The 2017 AACC Annual Meeting Organizing Committee accepted 740 abstracts representing innovative scientific work from more than a dozen countries. Although every abstract will not receive distinguished recognition from the AACC Academy or the various AACC Divisions, highlighted here are several interesting studies that you may want to visit during this year’s poster sessions. Posters are located in the upper level of the Sails Pavilion in the San Diego Convention Center.

Analytical Evaluation of Soluble fms-like Tyrosine Kinase 1 (sFlt-1) and Placental Growth Factor (PlGF) on Brahms Kryptor Automated Immunoassay for the Diagnosis of Preeclampsia (Poster B-017) presented by S. Chan et al. Although preeclampsia was described more than 2,000 years ago, the etiology of this hypertensive disorder is not clear. Moreover, the diagnosis of preeclampsia has been modified over time and includes factors such as hypertension, proteinuria, impaired liver function, and low platelet count.

The acute onset of preeclampsia and delayed detection can lead to both maternal and fetal mortality. Chan et al. examined the analytical performance of the Brahms Kryptor automated immunoassay for measurement of two potential preeclampsia biomarkers, sFlt-1 and PlGF. The assay demonstrated acceptable analytical performance needed to further delineate the diagnostic utility of sFlt-1 and PlGF.

Changes in Laboratory Testing Turnaround Times at a Major Academic Medical Center After Converting to a Total Laboratory Automation System for Chemistry and Hematology (Poster B-024) presented by M. R. McGill et al. If you have not already, it’s highly likely that in the near future you will experience implementing total laboratory automation (TLA) in your institution, so why not visit a group of colleagues who just completed this arduous task in 2016? McGill et al. focused specifically on the effect of TLA on test turnaround time (TAT). They reported an initial increase in TAT after the implementation of TLA that was reversed after key collaborative efforts with the manufacturer, including hardware and software adjustments. After these changes, TLA significantly decreased TAT for BMP, CMP, CBC, and cTnI.

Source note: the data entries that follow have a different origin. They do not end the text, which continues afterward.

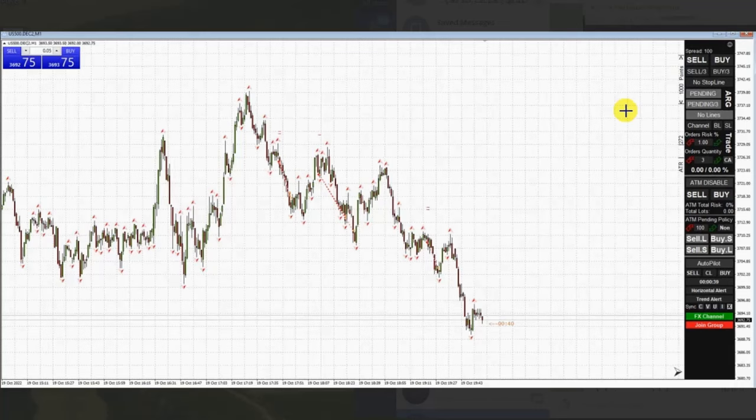Hello everyone, I'd like to share with you a few trades posted on Wednesday, the 19th of October.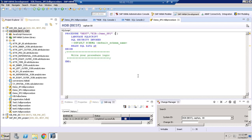Watch my previous video to know how to define input parameters — I am just fast-forwarding that part. I am defining an input parameter called 'tname' and specifying its data type. To define the output parameter I have to use the keyword 'out'.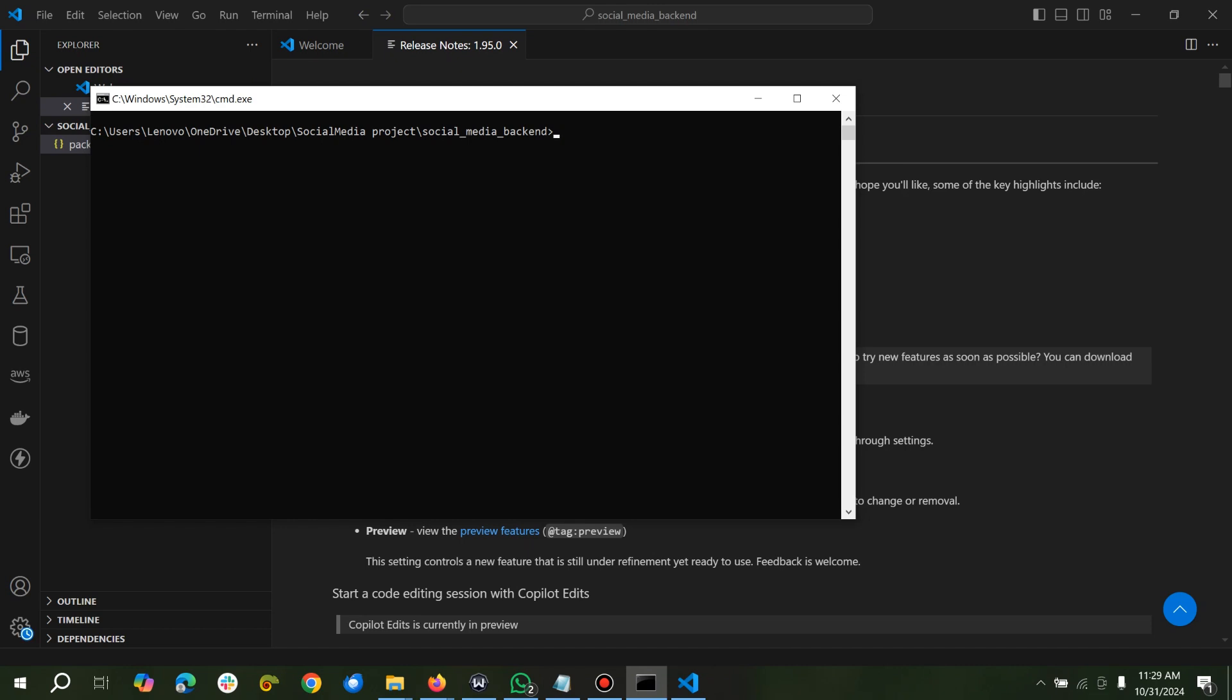npm install Express. We need mongoose, mongoose. We use JSON Web Token, what token.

Testosterone Content in Hyaluronidase Powder: Evaluation of Commercially-Available Sources for the Pretreatment of Viscous Body Fluid Specimens (Poster A-272) presented by S. L. La’ulu et al. Many clinical laboratories use hyaluronidase to liquefy viscous body fluids. However, you may not have considered the purity of the hyaluronidase preparation. In this study the authors assessed the relative quantity of testosterone in three commercially available hyaluronidase preparations and the potential effects of testosterone contamination on several assays.

Unstable Trends in Metabolites Predict Mortality Within 48 Hours Among Long Term Hospitalized Patients (Poster B-036) presented by A. Momeni Boroujeni et al. Interestingly, the authors retrospectively examined metabolite trends in deceased inpatients (n=110) in their institution over a 2-year period to “evaluate end-of-life laboratory values time trends among deceased long term inpatients.” Using the ARIMA and Mann-Kendall trend test, they identified increases in BUN, AST, and ALP, all indicative of end organ damage in the 48 hours that preceded death.

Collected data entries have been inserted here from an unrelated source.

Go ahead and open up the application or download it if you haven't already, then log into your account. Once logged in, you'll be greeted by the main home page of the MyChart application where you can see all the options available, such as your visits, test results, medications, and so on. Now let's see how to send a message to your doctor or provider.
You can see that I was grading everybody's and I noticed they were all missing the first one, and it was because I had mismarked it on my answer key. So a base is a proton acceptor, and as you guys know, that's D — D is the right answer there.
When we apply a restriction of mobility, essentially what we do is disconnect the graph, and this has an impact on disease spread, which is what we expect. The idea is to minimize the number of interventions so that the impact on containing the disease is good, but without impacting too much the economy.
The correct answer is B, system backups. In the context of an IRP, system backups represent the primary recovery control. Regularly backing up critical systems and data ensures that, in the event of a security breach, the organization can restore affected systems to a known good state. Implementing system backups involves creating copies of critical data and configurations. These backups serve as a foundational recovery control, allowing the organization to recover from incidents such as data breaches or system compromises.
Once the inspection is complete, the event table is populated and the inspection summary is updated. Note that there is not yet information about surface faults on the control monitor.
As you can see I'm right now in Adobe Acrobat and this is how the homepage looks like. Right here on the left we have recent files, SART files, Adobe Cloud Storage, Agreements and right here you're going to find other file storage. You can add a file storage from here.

They also found that Na, Cl, and K vary significantly from normal values. The authors concluded that, “Perhaps early detection of these changes can allow for timely interventions for the patients.”

Comparison of qSOFA (quick SOFA) Score, Presepsin, Procalcitonin and Lactate for Severity Assessment and Mortality Prediction in Patients with Initial Sepsis (Poster B-069) presented by E. Spanuth et al. Sepsis is a global public health problem. In 2016, the Third International Consensus Definitions for Sepsis and Septic Shock introduced a new sepsis definition, Sepsis-3, and a new risk score, the qSOFA score, in order to predict the risk of mortality in patients with suspected infection.

The authors compared the performance of presepsin and procalcitonin with the qSOFA to differentiate sepsis, severe sepsis, or septic shock and the risk of mortality prediction in a cohort of 66 patients. The authors concluded that assessing qSOFA and presepsin together was better than using qSOFA alone.